19 Temmuz 2009 Pazar

mesajlı gibi

kandil geceleri kandil oluruz
kandilin içinde fitil oluruz
hakk'ı göstermeye delil oluruz
fakat kör olanlar görmez bu hali...

18 Temmuz 2009 Cumartesi

nabiyonuz sosyalistler?

sosyalistler, arkadaşlarımız, canlarımız, nasılsınız? sizlere seçim zamanı yapılan gereksiz harcamalar üzerine bir nutuk atacağım:

çok para heba ediliyor ya. vallahi. sanki kendi hayatımızda da öyle değil midir a dostlar? seçimlerimizi cilalamak üçün, seçim zamanına odaklanıp, seçtiğimizin, seçileceğin gözüne girmeye çalışmaz mıyız? kapitalin parasını çar çur etmesi noktasında, solidarist tutumlara, kemalist aranjmanların gazete başlıklarına bakınca, dünyevi işlerde tutumluluk ölçüsünün vatanını sevmekten ileri geliyor sanırsınız. kapitalin, özgür alanında oynaşmalarına kaş kaldırmanın, sadık muhalefetçilik oynamanın anlamı yok. hepiniz sosyalist terminolojinin bir barda ne kadar işe yaradığını keşfedebildiniz mi? zizek?
ben burda okuyucuyu şaşırtarak gündelik olaylara geçeceğim. canım sıkılıyor. yazı yazmak eyleminin boş göstergesinin, zihinlere çakılan içten yanığına geriliyorum. subjektif alanın, marjinal göstergeyle, major beğeni seviyesine çıkmasına: botanik bahçesindeki en çirkin kokulu çiçeğin en dikkat çeken özelliğine ataşlanıyorum. neşterlenecek zonların, neden önceden liberalist sol çevre tarafından neşterlenmiş, olduğunu, neden etnik milliyetçiliğin gündelik yaşamda faşizmden uzak tutulduğunu, neden ezilmiş portakalın seksüel algılarda kırıldığını, neden kapitalin camdan cama mandallanmış görüntüsünün kırk yıllık pespaye apartman sakinini rahatsız ettiğini anlamıyorum. apartman sakininin sonradan gelişen tepkisel estetik kaygısını, vicdan yaralarını, itinalı muhalifliğini, agresif siyasiliğini anlamak noktasında, yastığa gerek yok dizlerin var ya diyorum sevgilime.
hayat da öyle değil midir a dostlar? iktidar tarafından domine edilen muhalifliğin, anne tarafından domine edilen gelinle içiçe geçtiğini nasıl göremedim? kadıköy'de barlar sokağının, barlar sokağı tarafından domine edildiğini, yaratılan kaçış alanının insanların kaçtıkları yer olmadığını, içine düştükleri sürahi olduğunu, buluşma toplanma alanlarının hapsolma alanları olduğunu neden göremedim de "gitmek istiyorum buralardan" dedim. nasıl dedim yahu?

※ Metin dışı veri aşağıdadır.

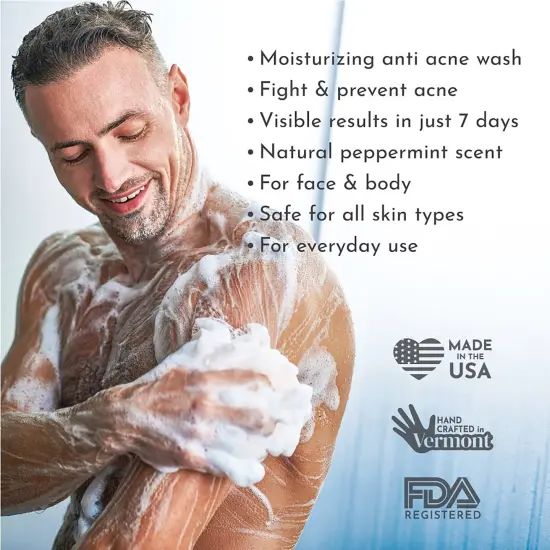 Truly Clear: One-Step Acne Solution Bar - Plant Based Soap, 1% Salicylic Acid, Hyaluronic Acid, Face & Body Cleansing, Non-Drying Skincare Treatment {6}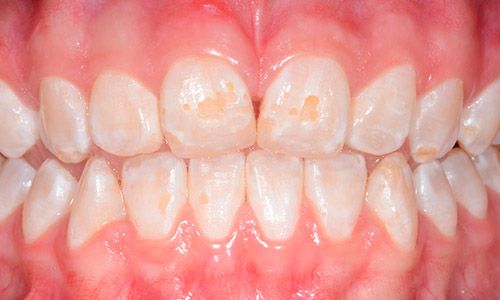 Causas de la hipoplasia dental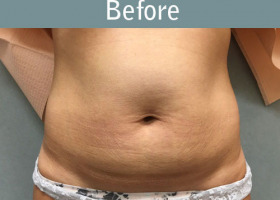 Milwaukee Plastic Surgery - Liposuction - 12-1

sınıfsal demogoglarla aynı sofraya oturup, sonradan geliştirilmiş etik değerlendirmelerin boş göstergesinin umut dolu, ütopyacı, insan yaşamına bir çivi çakan bir şey olduğunu neden gördüm? neden birden görüngelerin etkileşimli saldırganlığından korkmuş olmaktan utandım. ağabey ben neden? zebranın gözalıcı renkleri.üzerinde durduğun yerin cilası, üzerinde durmak istediğin yerle alakanlandırılır. zoraki evrimleşmede, kaderine razı fundamentalistlerden farkımız, yürüdüğümüz oksijen dolu sokakların bile magazinel bir yaşama hevesten ileri gelir. komşuluk ilişkilerimiz, kendi seviyemizdeki domine edilebilen komşuyu, üstsevideki komşuya karşı siper olarak kullanır. ilişkinlendiğimiz bahreyn nargilenin duman sahası, burası bahreyn değil. evet öyleyse, romantik özlemlerimizin asfalt üzerinde ziftlendiğine mi gerilelim? cebimizdeki akrebin gelenekten beslenen tutumluluğuna mı, yoksa dubai'nin sürreal kortekste yarattığı "oha"ya mı üzülelim? hangisine mekanik salınımlar yapalım? hangisi gerçek kapital? hangisi daha angaje? hangisi kulağında leonard cohen?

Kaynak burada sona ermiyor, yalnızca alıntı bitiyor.